Innovation in Language Learning

Edition 12

Accepted Abstracts

Teaching English communicatively using translation.

Maria Khan, National Research University Higher School of Economics, St.Petersburg (Russian Federation)

Abstract

Teaching English communicatively using translation.

Maria Khan

National Research University Higher School of Economics

Russian Federation

[email protected]

 

Russian educational system, of a higher education in particular, inherited all the traditions of teaching languages from the Soviet Union, where the grammar-translation method was the prevailing one. This method included translation of texts on specific topics, making lists of vocabulary and explicit learning of grammar with a focus on reading skills to the disadvantage of speaking and listening. However, the wave of more communicative methods, such as the communicative approach and the direct method, has overrun the market of teaching English in Russia in recent years. One of the principles of these approaches is to avoid totally or at least to minimize the usage of students’ mother tongue in class.
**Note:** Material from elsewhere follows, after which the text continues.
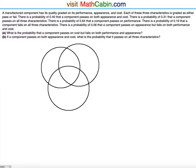We label the three circles: circle A for appearance, circle C for cost, and circle P for performance.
Following this trend, more and more Russian teachers of English in search of their professional recognition on the international market take CELTA courses (designed for multilingual class purposes) that declare rejection of using translation and students’ own language starting from the elementary level. The situation is amplified by the whole industry of TEFL, where authentic course books written presumably for native speaking teachers do not refer to translation. It can be explained by the fact that native speakers teaching English often have little or no command of their students’ language. This leads to almost total exclusion of the native language from class. Russian non-native teachers in turn feel guilty about using translation as return back to out-of-date methods. However, recent studies [1,2,3] and our experience of teaching students proves that thoughtful using of mother tongue and translation in particular can be a real source of raising awareness of how language works. We are going to suggest a number of activities in the framework of lexical approach [4] for a monolingual class purposes (this is the typical situation not only for Russia). These activities focus on noticing chunks and collocations the skill of which is identified as an issue for students of all levels of proficiency. Translation here is not considered as the only part of teaching but as a fresh look at how it can be used to maximum effect in a combination with approaches aimed at immersion students in the language environment.

 

References.

1.     Cook, Guy. 2010. Translation in language teaching. Oxford University Press.

2.     Hall, Graham, and Cook, Guy. 2013. Own-language use in ELT: exploring global practices and attitudes. London: British Council.

3.     Kerr, Philip. 2014. Translation and own-language activities. Cambridge University Press.

4.     Lewis, Michael. 1997. Implementing the lexical approach: putting theory into practice. Heinle, Cengage Learning.